Попыталась пошевелиться под ним и почувствовала, что член уперся во внутреннюю поверхность моего бедра, красноречиво давя своей твердостью.
– Ненавижу тебя, – выплюнула ему в лицо, но в ответ лишь повел уголком губ в намеке на улыбку серийного убийцы с пустыми глазами. – Ненавижу, Самсонов!
Заткнул рот поцелуем. Грубым тараном прошелся по губам, укусил до легкой боли, оттянул нижнюю.
Руки с моих запястий убрал, долбанула по его спине, вцепилась и поцарапала кожу. Знала, что до крови, потому что зашипел. Дернул ворот черной кофточки и распластал до живота. Смял чашки кружева на голой груди, накрыл своим обнаженным и горячим торсом не смотря на капли воды. Они шипели между нами, плавились вместе с кожей, не приносили необходимой прохлады.
Я снова рванула ногтями по спине Самсонова, отрываясь на полную.
– Сука, – выдохнул и грубо развернул меня, впечатывая лицом в матрас. Живот и голая грудь вжались в покрывало, Давид подцепил край моих джинсов и сдернул до колен вместе с трусами. Я заорала, что он ублюдок.
Мои руки смяли покрывало, когда одним толчком вошел, и я содрогнулась. Огромный растягивающий до предела почти до грани боли, которая была бы, не желай я его так сильно.
Толкнулся, вжимая в матрас мои бедра. Стон сорвался с моих губ, Самсонов завел руки под меня и сжал грудь в ладонях. Снова толкнулся, выгибая спину, чтобы еще глубже заклеймить. Мои ноги сведены, его расставлены, он лежит на мне, но дышать мне мешает не его тяжесть, а жесткость его толчков.

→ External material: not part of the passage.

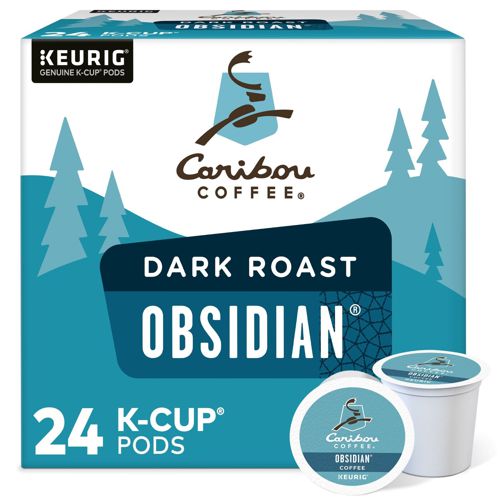 Caribou Coffee Obsidian K-Cups, Dark Roast, 24 Count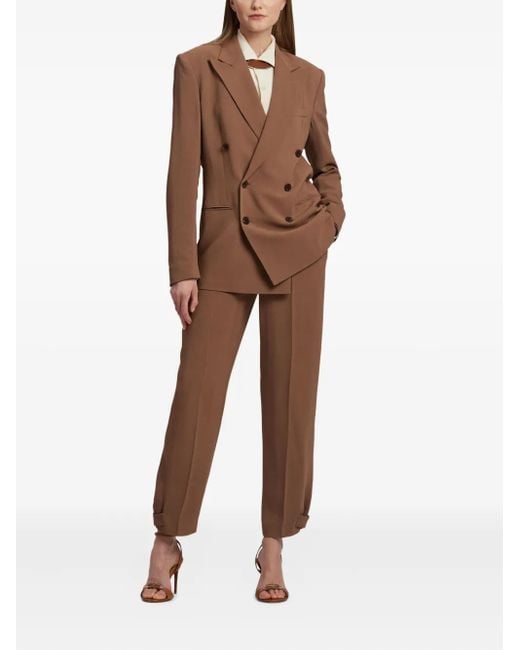 Ralph Lauren Brown Double-Breasted Button Blazer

Она почти до нутра пробирает и хочется завыть от удовольствия.
Сжала покрывало пальцами, сдерживая стон. Самсонов зарычал над моим ухом.
– Скажи, что не хочешь.
– Не хочу! – крикнула, звук утонул в матрасе.
Толкнулся глубже, отвел бедра и повторил пытку, и я закусила губу чтобы не застонать в голос от накрывшего кайфа.
– Лжешь, – усмехнулся, – как и всегда, впрочем.
Я дернулась под ним, захотелось прекратить, но его не сдвинуть он как бетонная плита.
– Тише… – оставил в покое грудь и одной рукой обхватил шею, вторую медленно опустил к чувствительной точке, которую тут же пронзило током, когда дразня прошелся по бугорку, размазывая влагу.
Начал двигаться во мне интенсивнее, чаще, жестче, не прерывая контакта сплетенных тел ни на сантиметр.